As one of the more powerful psychophysical tools for investigating underlying perceptual mechanisms is adaptation [1113], recently applied successfully to studying numerosity [14,15], we decided to use adaptation techniques to search for a generalized sense of number.

2. Material and methods

All visual stimuli were presented on a Nokia 920 C monitor (screen resolution of 800 × 600 pixels, 32 bit colour depth, refresh rate 100 Hz and mean luminance 90 cd m−2), subtending 36.5° × 27° at the subjects view distance of 57 cm. Stimuli were created with Psychophysics toolbox (v. 3) for MATLAB [16,17] on a PC computer running Windows 7. Auditory stimuli were digitized at a rate of 65 kHz and presented through two high-quality loudspeakers (Creative SBS 250) flanking the computer screen and lying in the same plane 60 cm from the subject. Speaker separation was around 40 cm and stimuli intensity was 77 dB at the sound source. For the sequential studies, adaptation stimuli were pseudo-random sequences of flashes or tones, displayed for 40 ms (four frames) at an average frequency of 2 or 8 items s−1 (see examples in the electronic supplementary material, movies S1 and S2). For example, a 2 item s−1 adaptor within a 40 s adaptation period comprised 80 pulses positioned randomly throughout the interval, with the only constraint that two pulses could not fall within 40 ms of each other. Top-up periods of adaptation were presented for 6 s before each trial. Test stimuli were similar, presented pseudo-randomly within a 2 s interval. Visual stimuli were sharp-edged white discs of 90 cd m−2 and 4° diameter, displayed 12° to the left or right of fixation (usually in screen centre). Auditory stimuli 500 Hz, ramped on and off with 5 ms raised-cosine ramps.

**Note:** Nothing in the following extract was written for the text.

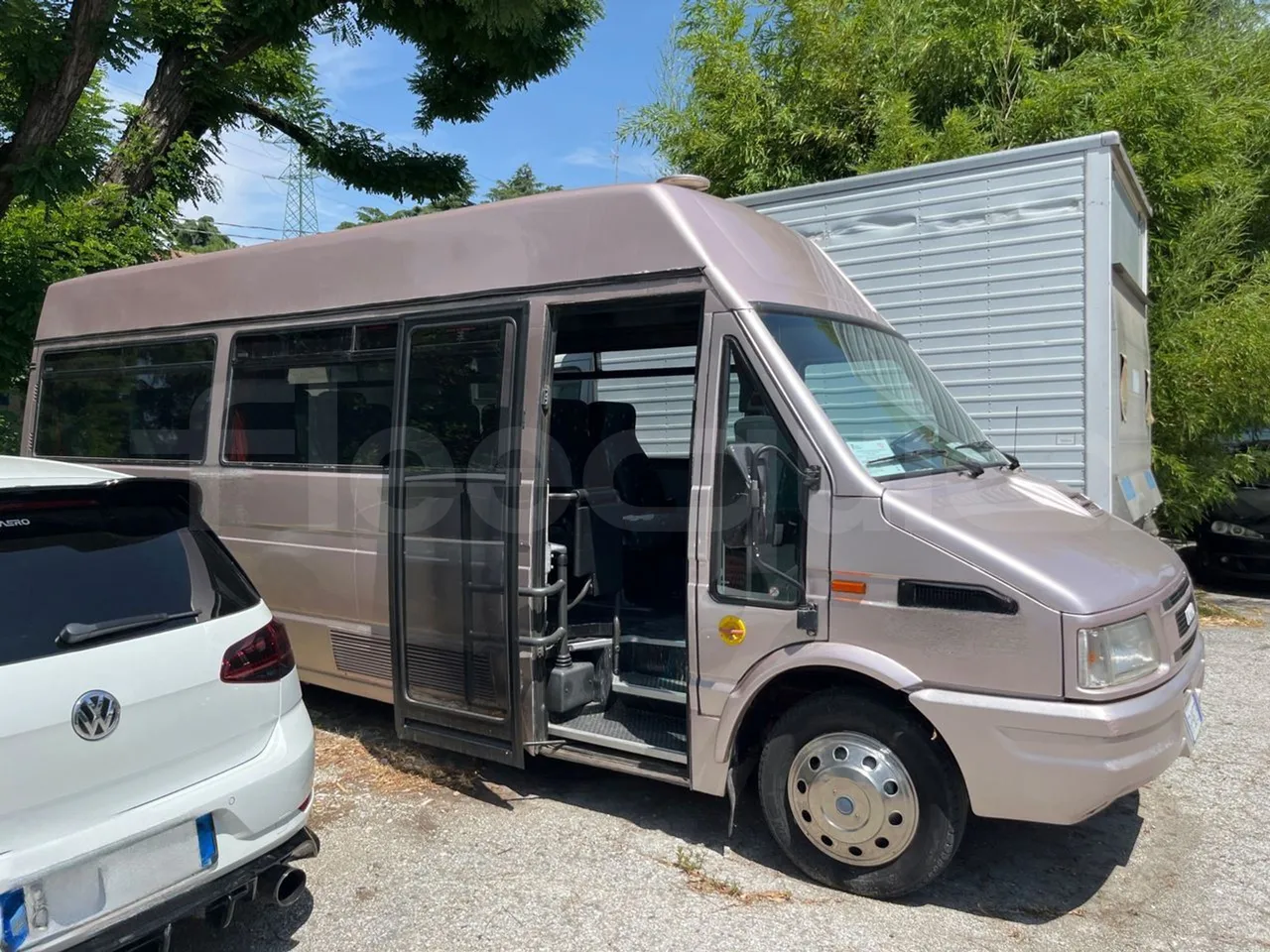 Iveco A45E12 A45 E12 90 Kw - right side doors open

Most data were collected with the technique of magnitude estimation: subjects judged the number of items (visual or auditory, in space or in time) and recorded the perceived numerosity on a numeric pad. Test numerosity ranged from 2 to 20, but we analysed only the range 5–15. This avoided the subitizing range, and also edge effects that may arise (for example from subjects knowing or guessing that the numerosity was never higher than 20). However, analysis of the entire range test gave substantially the same results. Subjects were familiarized with the task with 20 trials, without adaptation, during which correct feedback was given, but no feedback on any other occasion. In the estimation task, the adaptor was generally displayed to the left, followed 900 ms later by a test stimulus of same size, either in the same spatial location as the adaptor or the same eccentricity on the opposite side (insets of figure 1b).

Figure 1.

Figure 1.

Adaptation to sequential stimuli. (a) Perceived numerosity (averaged over trials and subjects) as a function of physical numerosity for the three adaptation conditions, with best-fitting linear regressions (R2 > 0.98 in all cases). Regression slopes: no adaptation (red symbols) 0.99; 2 flashes s−1 (green) 1.23; 8 flashes s−1 (magenta) 0.83. Only the curves for 2 and 8 flashes s−1 were significantly different from 1 (p < 0.001 in both cases). (b) Adaptation magnitude: perceived numerosity after adaptation to 2 Hz minus that after adaptation to 8 Hz, as a function of physical numerosity. Blue symbols are taken from the data of figure 1a (when testing was predictably on the same side as the adaptor). Red symbols show data when adaptor and test on the same side, black when on opposite sides, both conditions randomly intermingled. All curves are well fitted by linear regression (anchored at zero) to yield an AI, an estimate of the magnitude of adaptation. (c) AIs calculated for individual subjects for the matched condition plotted against the unmatched condition (data intermingled). The star shows the indexes calculated for pooled data. All except one subject show a clear adaption effect when matched in position, but none when adaptor and test were not matched.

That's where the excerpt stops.